RE: 'Unknown entity' messages within href= URLs containing query data

> -----Original Message-----
> From: www-amaya-request@w3.org [mailto:www-amaya-request@w3.org]On
> Behalf Of Chris Beall
> Sent: Wednesday, March 01, 2006 11:58 AM
> To: Amaya users
> Subject: 'Unknown entity' messages within href= URLs containing query
> data
>
>
>
> When fed a page containing something like:
> <a href="http://finance.yahoo.com/q/bc?s=IBM&t=5y">
> Amaya places into the PARSING.ERR file the message "line nnn, char nn:
> Unknown entity".
>
> This seems to be because it interprets the '&' within the query data to
> represent the beginning of an entity reference.  When it hits the "=", it
> deems the entity reference to have been terminated and further
> deems "&t" to
> be unknown as an entity reference.
>
> I believe this behavior is incorrect.  Referring to
> http://www.gbiv.com/protocols/uri/rfc/rfc3986.html
>
> I see:
> query       = *( pchar / "/" / "?" )
>
> where pchar         = unreserved / pct-encoded / sub-delims / ":" / "@"
> and  sub-delims    = "!" / "$" / "&" / "'" / "(" / ")"
>                / "*" / "+" / "," / ";" / "="
>
> Since the '&' (ampersand) is a amongst the sub-delims, I deduce
> that it does
> NOT need to be percent-encoded when used within the query portion
> of a URI.
> It seems to be common practice not to encode it.
>
> In addition, between the quotes of an href=, we are no longer dealing with
> HTML, where character entity references live, but with a URI.
>
> It therefore appears to me that Amaya should not look for entity
> references
> within URIs and should not issue the error message cited above.
>
> Chris Beall

Thanks to Dave Woolley for setting me straight on this.

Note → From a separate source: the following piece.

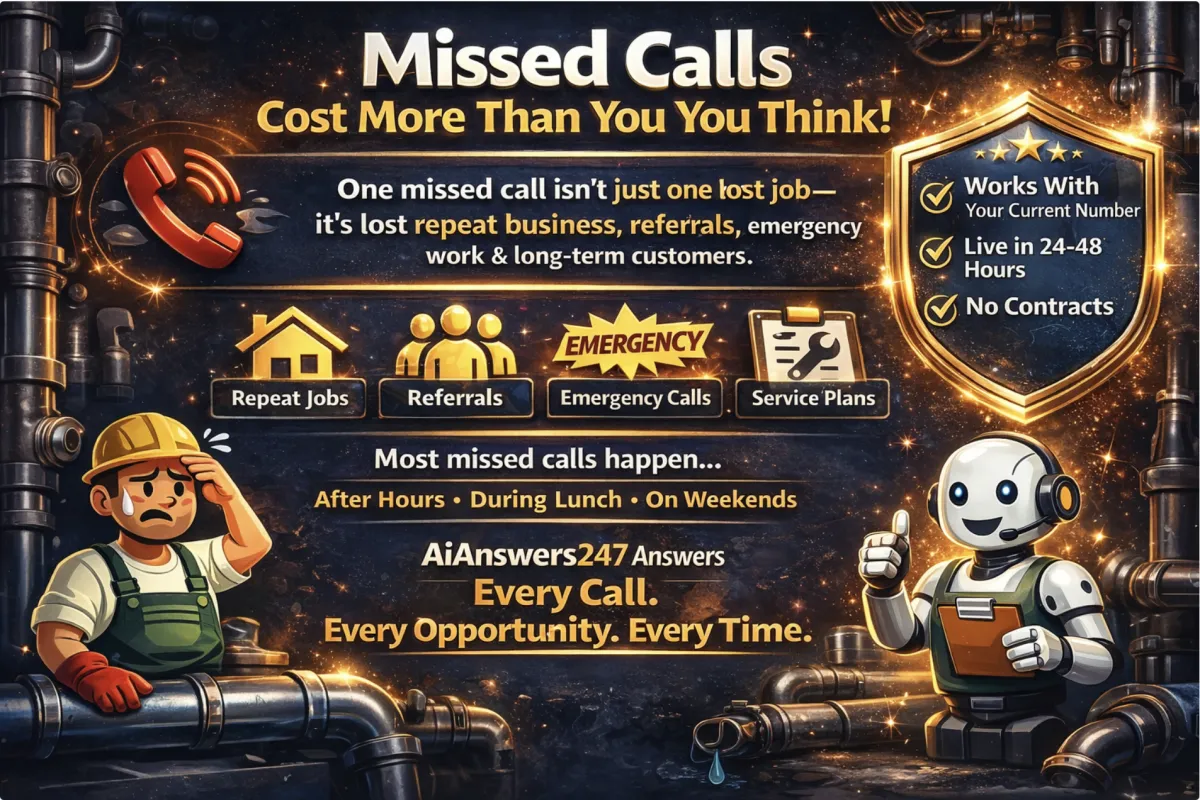 Infographic showing how missed calls cost plumbing businesses repeat jobs, referrals, emergency calls, and long-term customers, featuring AiAnswers247 AI receptionist answering every call 24/7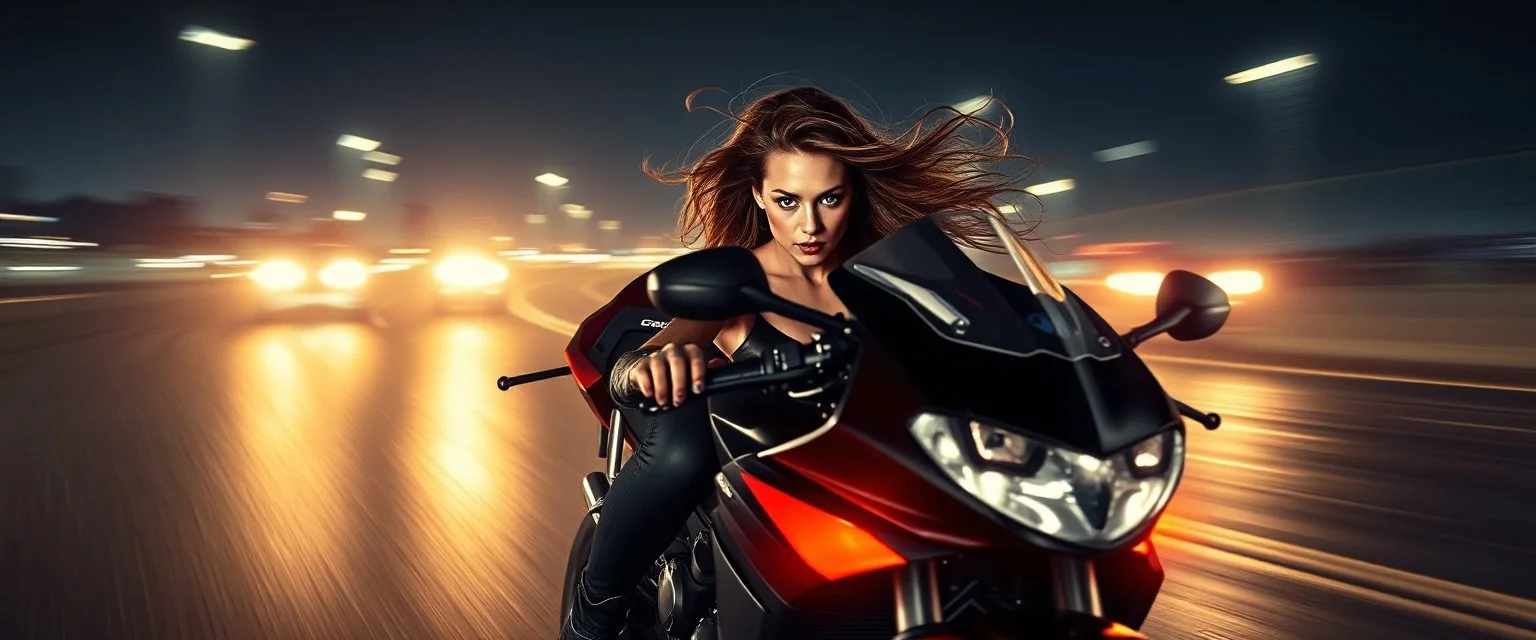 master oil painting by Rembrandt, good afternoon bitch scary hot seductive female riding sports bike with motion blur and smeared lights in the night, stylistic poster, in the style of total recall, huge bugrat in the background with wind blowing in the hair, high speed, intense eyes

In spite of the fact that the syntax I provided is VERY common in the wild,
Amaya is correct to flag it as an error.

See http://www.w3.org/TR/html401/appendix/notes.html#h-B.2.2.  The only
trick here is that the HTML spec refers to FORM submission and it may not be
obvious that whenever you put a URI containing query data into HTML, you
are, in effect, submitting a form, from the perspective of the server.

Chris Beall

Received on Wednesday, 1 March 2006 23:16:37 UTC